Prior to that, Fuller played just 11 games in 2019 due to hamstring injuries and missed the bulk of the 2018 season with an ACL injury. Still, when on the field, Fuller has been a proven producer, hauling in 213 catches, 3,136 yards, and 24 touchdowns in 52 NFL starts since being drafted ahead of the 2016 season. That’s good for roughly four catches, 60 yards, and a half-a-touchdown per contest when averaged out.
If Fuller could stay healthy (yes, it’s a big if) this season, I could easily see him putting up 60-70 catches, 1,000 yards, and 7-8 touchdowns. If he can channel his inner 2020 (prior to the PED ban), he could dwarf those numbers.
Fuller signed with Miami for $10 million before the 2021 season, and another injury-riddled season has obviously depleted his value significantly, evidenced by the fact that we’re even discussing this in August.

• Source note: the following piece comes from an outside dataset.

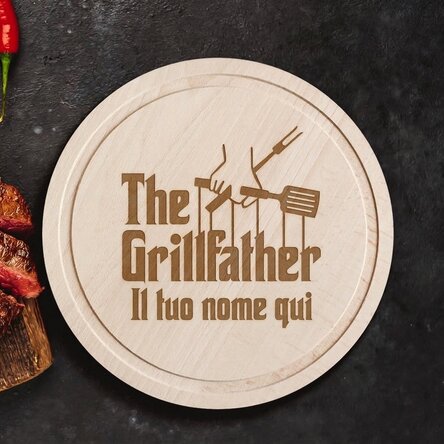 Tagliere rotondo personalizzato con scritta - The Grillfather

Last week, Pro Football Network’s Aaron Wilson was reporting that multiple teams were monitoring the 28-year-old potential deep threat. And that he was likely to sign later in the preseason. Maybe the Bears have an interest in a one-year prove-it deal for Fuller. And for what it’s worth, one national football analyst saw a potential Bears-Fuller fit. I sure would love to see Justin Fields get a deep threat like that in his huddle. It might be time to give the former Notre Dame star a call and see if they can’t get him into camp and work with Fields and Luke Getsy in the new Bears offense.
Aside from Fuller, names like T.Y. Hilton, Cole Beasley, Emmanuel Sanders, Allen Hurns, and DeSean Jackson highlight veteran wideouts still looking for work this season.
Hilton would come with familiarity for Matt Eberflus, with both spending time with the Colts. The 32-year-old Hilton caught 23 passes for 331 yards and three touchdowns in 10 games for the Colts last season with Carson Wentz as his quarterback in a run-heavy offense that featured a heaping dose of Jonathan Taylor running the ball. If you watched the Colts’ in-season version of HBO’s Hard Knocks last year, Hilton fits what Eberflus is trying to build in the Bears locker room. He might be the perfect addition to a huddle that features Fields prominently.
Spotrac has the Hilton’s market value at $6.2 million. That also happens to be the number it gives Emmanuel Sanders’ market value. Sanders, another prominent free agent, spent last season in Buffalo and caught 42 passes for 626 yards and four touchdowns in 14 games with the Bills.
Honestly, Fuller would be the best fit when it comes to low-risk, high-reward additions at this point, but Hilton and Sanders are also potential fits for this roster if that doesn’t work out.
The Bears have $18,168,046 under the cap to play with, per OverTheCap.com’s calculations. So if Chicago wants to shake up its receivers room, it certainly can.